Trick or treating only developed in the USA the 1920s from Irish and Scottish immigrants who took their customs over there.

The tradition was going on here well before that in the UK.

Ecureuil · 01/11/2017 07:13

Have you just ignored everything PP’s have said Oliversmumsarmy?

Oliversmumsarmy · 01/11/2017 07:17

I am nearly 60 and have lived all over the UK and have never had a trick or treater in the area let alone at my door.

The only people I know who celebrated it was Americans. I know enough Scottish and Irish people and they are all mystified at Halloween too.
They too from previous conversations have never celebrated it at all.

treaclesoda · 01/11/2017 07:21

So all we Irish posters who remember doing Halloween as children have false memories? Or we're making it up? Confused

Pumpkins weren't a thing, it was turnips. But dressing up as a witch or a vampire or a ghost definitely was.

speakout · 01/11/2017 07:23

oliversmummy-

Not my experience.

I am Scottish- lived in Scotland all my life in many locations and Halloween has always been a big thing.
I know no Americans.

Not sure who all these "mystified" Scots are.

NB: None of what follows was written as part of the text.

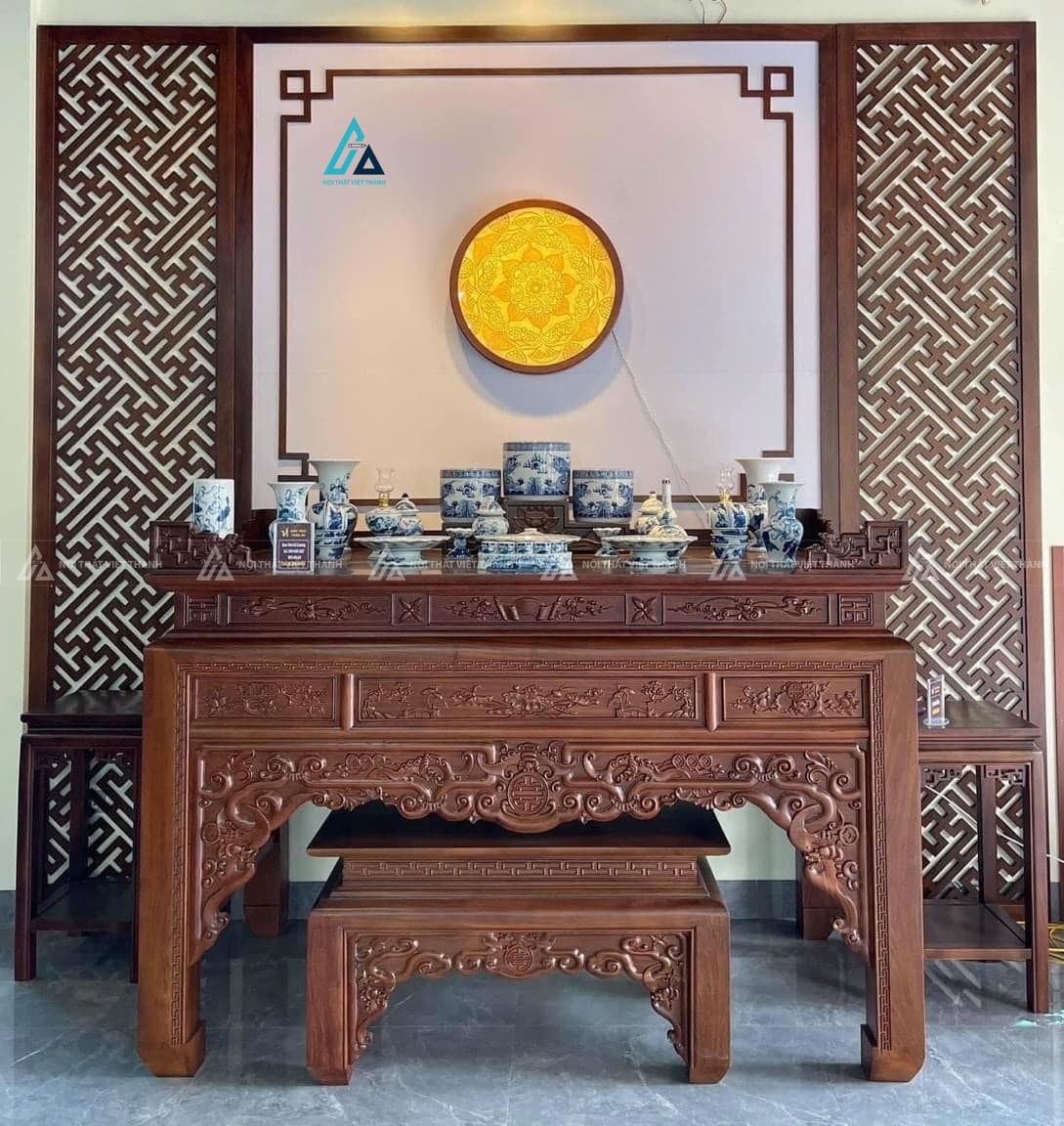 Mẫu thiết kế bàn thờ đứng gỗ nâu có vách CNC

All the Scottish people on this thread seem to agree that Halloween is a Celtic cultural tradition and something they have observed for decades.

We must all be wrong.

Oliversmumsarmy · 01/11/2017 07:26

Have you just ignored everything PP’s have said Oliversmumsarmy

I can only go from my experiences. The only time I have ever come across Halloween has been on adverts or in Tesco

Let's be honest before September had any of your children or yourself ever heard of Samhain.